13. Eu égard aux circonstances indiquées au point 7 du présent jugement, Mme B, entrée en France en 2020 et s'étant maintenue irrégulièrement sur le territoire français, ne peut se prévaloir d'attaches privées ou familiales d'une intensité particulière sur le territoire national. Il ressort également de l'arrêté attaqué, qu'elle a été condamnée à deux reprises par le tribunal correctionnel d'Albertville à des peines de cinq puis un an d'emprisonnement pour importation non autorisée de stupéfiants, transport non autorisé de stupéfiants, contrebande de marchandise prohibée et pénétration non autorisée sur le territoire après interdiction judiciaire du territoire. Dans ces conditions, elle ne peut se prévaloir de l'existence de circonstances humanitaires. Par suite le préfet de l'Essonne a pu, sans commettre d'erreur d'appréciation, assortir l'arrêté attaqué d'une interdiction de retour sur le territoire français d'une durée de trois ans.

14. Il résulte de ce qui précède que Mme B n'est pas fondée à demander l'annulation de l'arrêté du 5 octobre 2022 par lequel le préfet de l'Essonne a refusé de renouveler son attestation de demande d'asile, l'a obligée à quitter le territoire français sans délai, a fixé le pays à destination duquel elle sera renvoyée en cas d'exécution d'office, et lui a interdit le retour sur le territoire français pendant une durée de trois ans, en l'informant qu'elle fait l'objet d'un signalement aux fins de non-admission dans le système d'information Schengen.
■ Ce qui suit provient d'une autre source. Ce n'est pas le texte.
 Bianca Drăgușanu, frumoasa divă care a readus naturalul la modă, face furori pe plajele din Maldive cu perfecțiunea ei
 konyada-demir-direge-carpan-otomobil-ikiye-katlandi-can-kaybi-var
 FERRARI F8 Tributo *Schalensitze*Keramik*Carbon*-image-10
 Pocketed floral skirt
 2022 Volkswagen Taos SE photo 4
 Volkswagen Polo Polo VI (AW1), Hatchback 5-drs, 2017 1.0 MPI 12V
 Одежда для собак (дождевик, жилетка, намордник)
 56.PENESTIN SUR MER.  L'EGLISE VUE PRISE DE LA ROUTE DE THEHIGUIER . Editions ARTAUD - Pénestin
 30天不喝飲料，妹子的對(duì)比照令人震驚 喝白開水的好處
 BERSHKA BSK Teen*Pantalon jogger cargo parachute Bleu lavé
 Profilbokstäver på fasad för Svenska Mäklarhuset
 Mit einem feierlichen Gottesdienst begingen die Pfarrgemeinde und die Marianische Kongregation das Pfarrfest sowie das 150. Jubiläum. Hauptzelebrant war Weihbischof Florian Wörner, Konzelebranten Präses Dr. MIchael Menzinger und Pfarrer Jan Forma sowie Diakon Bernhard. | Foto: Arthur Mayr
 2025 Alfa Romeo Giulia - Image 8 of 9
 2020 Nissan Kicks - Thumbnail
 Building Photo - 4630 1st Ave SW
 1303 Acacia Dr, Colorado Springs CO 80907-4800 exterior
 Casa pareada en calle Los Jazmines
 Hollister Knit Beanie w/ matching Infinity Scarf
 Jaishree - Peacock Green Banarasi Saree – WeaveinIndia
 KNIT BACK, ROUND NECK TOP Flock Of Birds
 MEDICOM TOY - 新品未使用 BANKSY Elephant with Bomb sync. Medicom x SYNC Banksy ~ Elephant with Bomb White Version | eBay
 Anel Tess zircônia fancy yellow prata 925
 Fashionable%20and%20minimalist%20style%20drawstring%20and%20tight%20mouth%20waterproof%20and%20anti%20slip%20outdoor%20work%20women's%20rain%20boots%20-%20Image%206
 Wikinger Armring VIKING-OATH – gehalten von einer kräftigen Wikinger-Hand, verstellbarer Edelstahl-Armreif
Sur les conclusions à fin d'injonction et d'astreinte :

15. Le présent jugement qui rejette les conclusions à fin d'annulation présentées par Mme B n'appelle aucune mesure d'exécution. Dès lors, les conclusions à fin d'injonction et d'astreinte présentées par la requérante ne peuvent qu'être rejetées.

Sur les frais de l'instance :

16. Les dispositions de l'article L. 761-1 du code de justice administrative font obstacle à ce que soit mise à la charge de l'Etat, qui n'est pas la partie perdante dans la présente instance, la somme que Mme B demande au titre des frais exposés par elle et non compris dans les dépens.

D E C I D E :

Article 1er : La requête de Mme B est rejetée.

Article 2 : Le présent jugement sera notifié à Mme E B et au préfet de l'Essonne.

Rendu public par mise à disposition au greffe le 22 novembre 2022.

Le magistrat désigné,

Signé

J. CLa greffière,

Signé

A. Sambake

La République mande et ordonne au préfet de l'Essonne en ce qui le concerne ou à tous commissaires de justice à ce requis en ce qui concerne les voies de droit commun, contre les parties privées, de pourvoir à l'exécution de la présente décision.